A speaker was absolutely right to note that the employer does not support any staff member going through that. In the main, it is their trade union that supports them. We have specific insurance policies for our members who go through this. We pay their legal fees and the cost of their counselling services, and we are constantly saying to the employer that this situation is not good enough. We are happy to do it and happy that our membership covers that cost. However, without their trade union they would have absolutely no support in many instances.

I am glad to have been asked the question as it gives me the opportunity to set the record straight. It is one of the respects in which our midwives in particular, who have been through a number of inquiries in this country of late, are very critical of their employer. Some of them have been followed to their homes by journalists. This should be anticipated. When a practitioner is undergoing an inquiry, there should be a separate room for them, with a separate exit by which they can leave, so that they are not identified. We should not have to go before the Nursing and Midwifery Board of Ireland to argue for an in camera hearing. The employer should be quite willing to agree that this takes place. Ultimately the staff member will be found not to have been professionally questionable, but it will not matter, because the media has destroyed their name in the process. It is a very serious issue, and one that is readily rectifiable.

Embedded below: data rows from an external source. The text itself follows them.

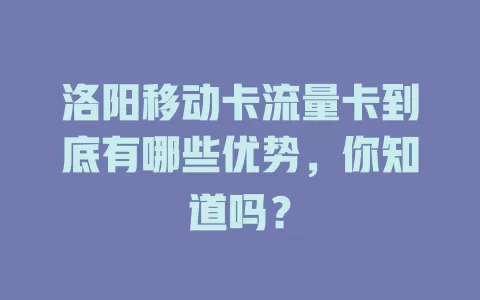 洛阳移动卡流量卡到底有哪些优势，你知道吗？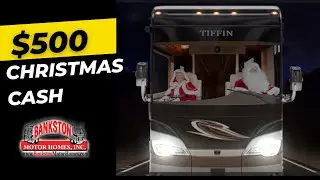 Bankston Motor Homes has Christmas Cash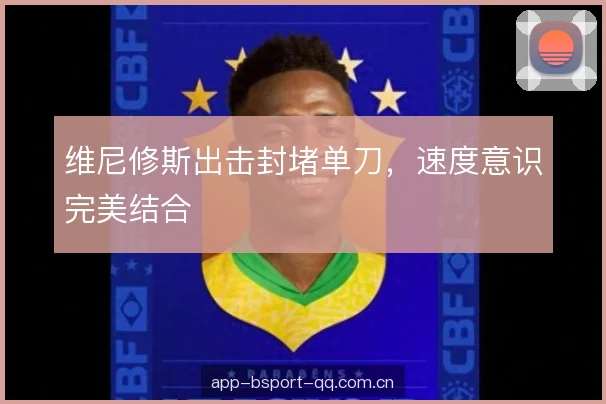 维尼修斯出击封堵单刀，速度意识完美结合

Dr. Boylan referenced the Australian system. We have had years of Ministers talking about other services. When he was the Minister for Health, Senator James Reilly said that we need the system of health care that they have in the Netherlands. We have had years of this. We cannot transplant another system into our own when we have absolutely no primary care development and our outreach maternity services do not exist. In particular, we cannot transplant a system into ours until we develop the community services in the first instance. That is one of the areas where nurse advancement and midwifery advancement have particularly helped in other jurisdictions. I refer to advanced midwifery practice in smaller units. There is a very important place for the advanced midwife practitioner. This practitioner would be a constant staff member in a certain location, very well-practiced and very skilled in the area of infant and mother care.

I want to make a point in respect of the clinical nurse specialists, CNSs, referred to by Mr. Kilian McGrane. I refer to the numbers mentioned and the funding for the posts, the sum of approximately €4 million. I have calculated that 82 posts are at issue. Each one of those clinical specialists will come from the pool of midwives that are currently working. They are not new posts. Most of them are uplifts from the current posts. That means we will lose 82 current posts unless we agree to backfill each one of the clinical nurse specialist posts.

We have spent the last two weeks talking to the HSE about the funded workforce plan for 2018. There is no mention of backfill for maternity posts in that strategy. We urge both the HSE, which is represented here, and the representatives of the Government party to carry our message to the Department of Health and to the Minister. There is absolutely no hope that this strategy will be implemented unless each CNS is backfilled and we have a plan for the development of advanced practice in midwifery. We know that the latter works, because in jurisdictions where it is in place, it contributes massively to the service provided for women across gynaecology and obstetrics.